2. Promote a relaxed mealtime environment
Work on developing a relaxed and enjoyable atmosphere at meal times. It is easy to fall into a routine of coercing children to eat their food which may upset them or create resistance, turning mealtimes into a stressful experience for parents and children. Children quickly build negative associations and may become anxious as the next meal approaches, increasing the likelihood that they will resist eating. Remove any pressure or coercion and try to keep your own frustrations in check. Aim to make mealtimes fun and sociable, eat together as a family, talk about books, games, what you are planning to do at the weekend, invite friends for tea and keep mealtime relatively short (e.g. 20 minutes) to save emotions building up.
3. Exposure, exposure, exposure
Keep exposing children to new, different and disliked foods. It is tempting to avoid disliked foods or stick to meals you know will be eaten; however, research shows that repeated exposure helps to develop acceptance. It may take 15 exposures before a food is accepted so don’t give up! Offer new and disliked foods with no expectation that they must try it, encourage new meals regularly to get children used to trying new things, repeat ingredients, cook them in different ways which can change texture, taste and potentially acceptance (e.g. roast carrot sticks, carrot and turnip mash, steamed carrot coins) and serve disliked foods alongside foods you know they like.
Variety sits side by side with exposure. Time-pressed parents often get stuck in a rut of using the same few familiar foods or meals again and again. Look to include a wide variety of foods in your family diet to increase exposure to new foods and excite children’s senses.

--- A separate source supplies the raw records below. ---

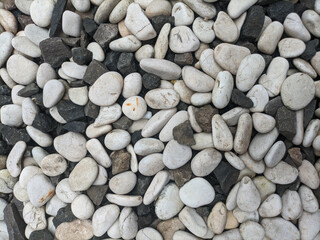Smooth white and dark gray pebbles, closely packed together, forming a textured surface.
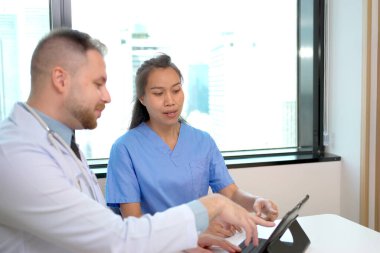 Uzman doktorlar hastane oturma odasında ya da dinlenme alanında tıbbi planlama hakkında tartışıyorlar..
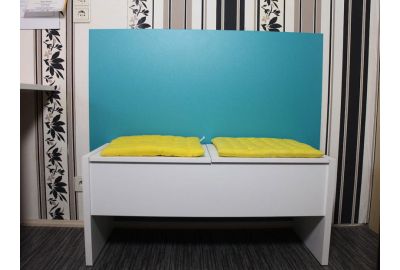 Weiße Sitzbank mit zwei gelben Sitzkissen vor einem türkisfarbenen Wandschutz; im Hintergrund Tapete mit schwarzen und beigefarbenen Streifen und Blumenmustern.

All foods, whether fruits, vegetables, meat, fish, contain different nutrient profiles so we need to eat a variety to get all the nutrients we need. You may want to try blitzing additional ‘hidden’ vegetables and even meat and poultry into curry or pasta sauces to increase the variety and nutrient intake of your child’s diet, helping to replete potential nutrient deficiencies that may contribute to fussiness. It’s also good to talk to your children about variety. You might explain to them that they had a banana for morning snack so need to choose something different for their afternoon snack or use a wall chart to tick off the colours they have eaten in a day.
5. Give children choice
Research shows that giving children a few different vegetables with a meal and letting them choose which they eat increases acceptance, variety of foods eaten and overall consumption. Ask them which vegetables they would like on their plate when you’re serving, or present food in bowls on the table allowing a pick-and-mix approach where your child chooses what they put on their plate, rather than plonking a full plate down in front of them. This could be a bowl of porridge at breakfast with a variety of toppings to choose from (e.g. blueberries, grated apple, orange zest, cinnamon, ground flax seed, desiccated coconut, seed mixes), a picnic-style lunch of chopped cucumber, pepper sticks, avocado, grated cheese and ham or a roast chicken with various vegetables and gravy. You are still in control of what food is available for your child to eat whilst giving them an empowering choice.
It can take time to unpick and change fussy eating habits. Don’t despair. Take it one step at a time. Offer real delicious healthy wholefoods repeatedly, without pressure, and focus on empowering your child to listen to their bodies, make their own choices and develop their own tastes, likes and dislikes because the choices you are giving them are healthy choices."